A rua é um espaço complexo. Se por ela a gente se reconhece e se sente à vontade, no meio da nossa cidade, é verdade que ela também pode ser inóspita, violenta, desagradável, e um espaço que escancara injustiça e desigualdade. Assim como a cidade, a rua também é local de disputa, de controle, de poder, de domínio.
Arte na rua é um tanto de surpresa. Porque as obras são atravessadas pelas pessoas do entorno, porque você assistindo frequentemente vai ser interrompido por alguém que quer saber o que está acontecendo, porque a nova condição de espaço, de luz e de som, com todas as interferências do resto da rua, altera a experiência. Mas também é um espaço de surpresa pras pessoas que estão na rua. Que estão passeando, trabalhando, visitando, vivendo, e de repente encontram dança.

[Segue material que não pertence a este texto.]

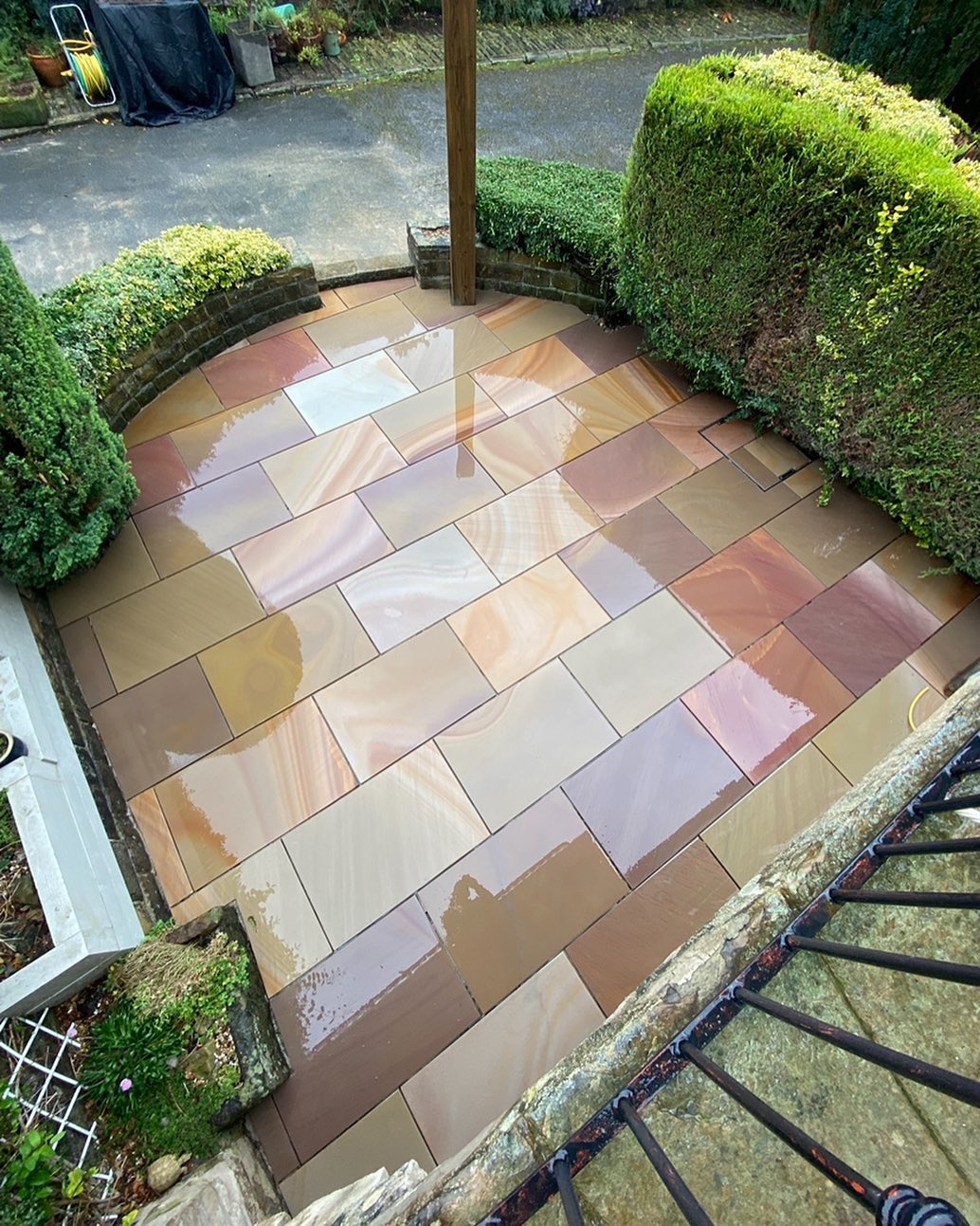 Raj Blend Indian Sandstone Paving Slabs - Sawn & Honed - 900x600 - 20mm - Smooth Paving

No final do primeiro dia do Visões, a última obra da noite foi pra rua. ‘ELO’, da T.F. Cia de Dança concluiu a nossa passagem. De casa pro presencial, e do presencial pra rua. Não era intencional, mas o efeito foi incrível. ‘ELO’ tem a leveza e a delicadeza pra conduzir esse momento levando ao sorriso. E junto, sorrimos. Com os bailarinos se empilhando, dominando a paisagem, subindo no monumento da fonte, e se abraçando, fizemos a travessia, de volta para a rua.
A chuva deu trégua, e o restante da programação assumiu seu lugar na rua. Eu conversei com um transeunte sobre Arrieta dançando suas memórias de 50 anos de carreira na dança. Um grupo de crianças numa visita escolar foi convencido a ficar pra assistir as apresentações, que foram acumulando gente que não esperava encontrar dança quando saiu de casa. Essa é a força da arte em outras paisagens. Pra quem foi ali pra ver dança, tem a provocação de um outro contexto. Da dança despida de uma noção de “condições ideais”. A rua não é nada ideal. Pra quem passava por ali porque precisava atravessar a rua, tem a provocação da arte. De repente, no meio do caminho, não tem só a brutalidade da cidade. Tem dança.

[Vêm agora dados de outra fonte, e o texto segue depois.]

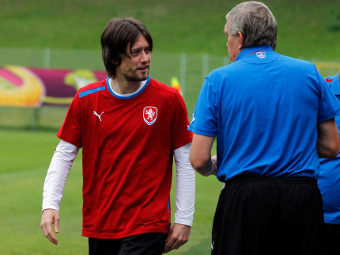 Томаш Росицки и врач сборной Чехии. Фото Reuters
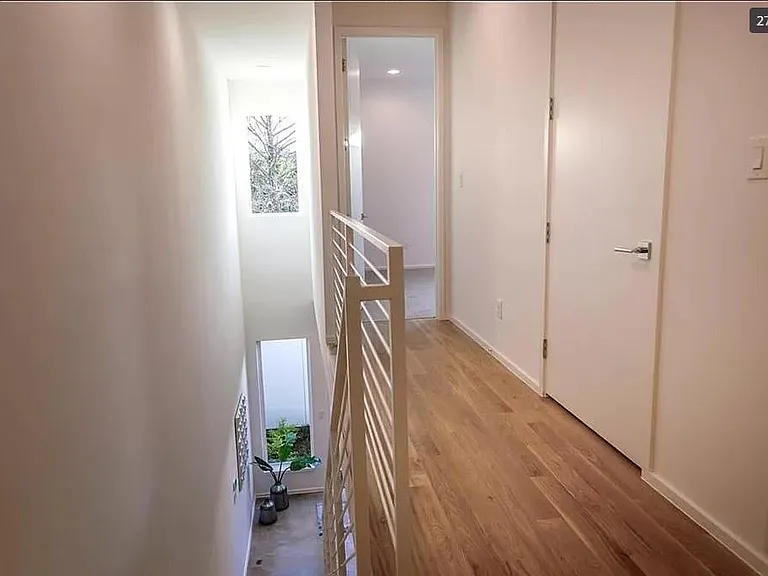 2308 N Prairie Ave — Photo 27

Toda a dança causa experiências únicas. Na rua, parece que essa característica se intensifica. As coisas se sujam e se borram. Porque os corpos rolam por um chão nada preparado, mas também porque as condições são outras. Perde-se um tanto do controle da caixa preta, da possibilidade de dizer o que olhar, como olhar, com que intensidade. Na rua, tudo vale, tudo faz parte do jogo, e a construção estética é um outro desafio, de elementos incontroláveis.
A programação do fim de semana terminou na Casa das Rosas, onde outra travessia precisava ser feita, pela paulista de manifestações assustadoras, pra chegarmos e sairmos da programação do evento. Os contrastes nunca me pareceram tão intensos. Entre as crianças que descobriam as danças-brinquedo da mostra Urbaninhas, e alguns cartazes indigestos que nos esperavam logo ali na esquina.

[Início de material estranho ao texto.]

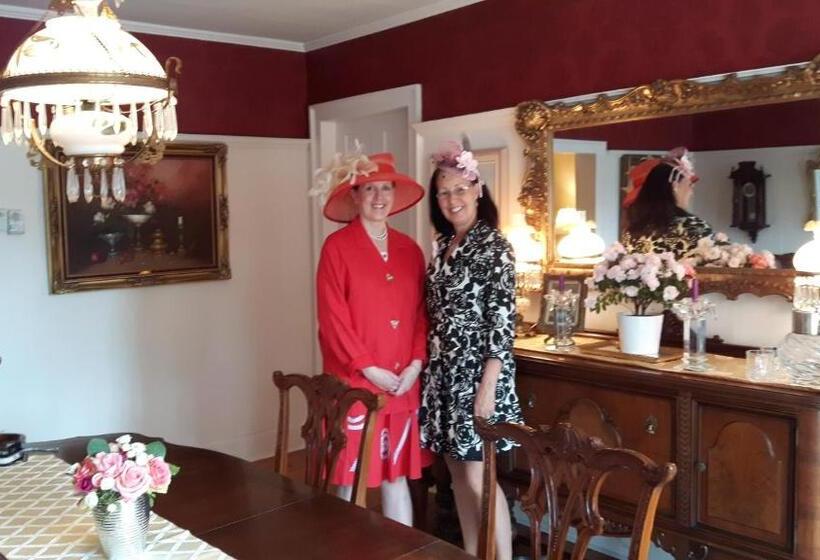 호텔 Historic Wilson Guy House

A rua é mesmo lugar de embate. De manifestação. De protesto. E de arte. O convite do Visões Urbanas é o da ocupação do espaço com a nossa voz, nosso corpo, nossa dança. Aquilo em que acreditamos, mesmo que ao lado de oposições que gritam horrores. Estar na rua é uma decisão que leva isso em conta. A rua nem sempre acolhe. Dançar nesse espaço incerto é um exercício de coragem, força e resistência. O Visões Urbanas segue chamando pra dançar a rua, na rua, com a rua, para a rua, apesar da rua.
* Henrique Rochelle é crítico de dança, membro da APCA, doutor em Artes da Cena, Professor Colaborador da ECA/USP, e editor do site Outra Dança.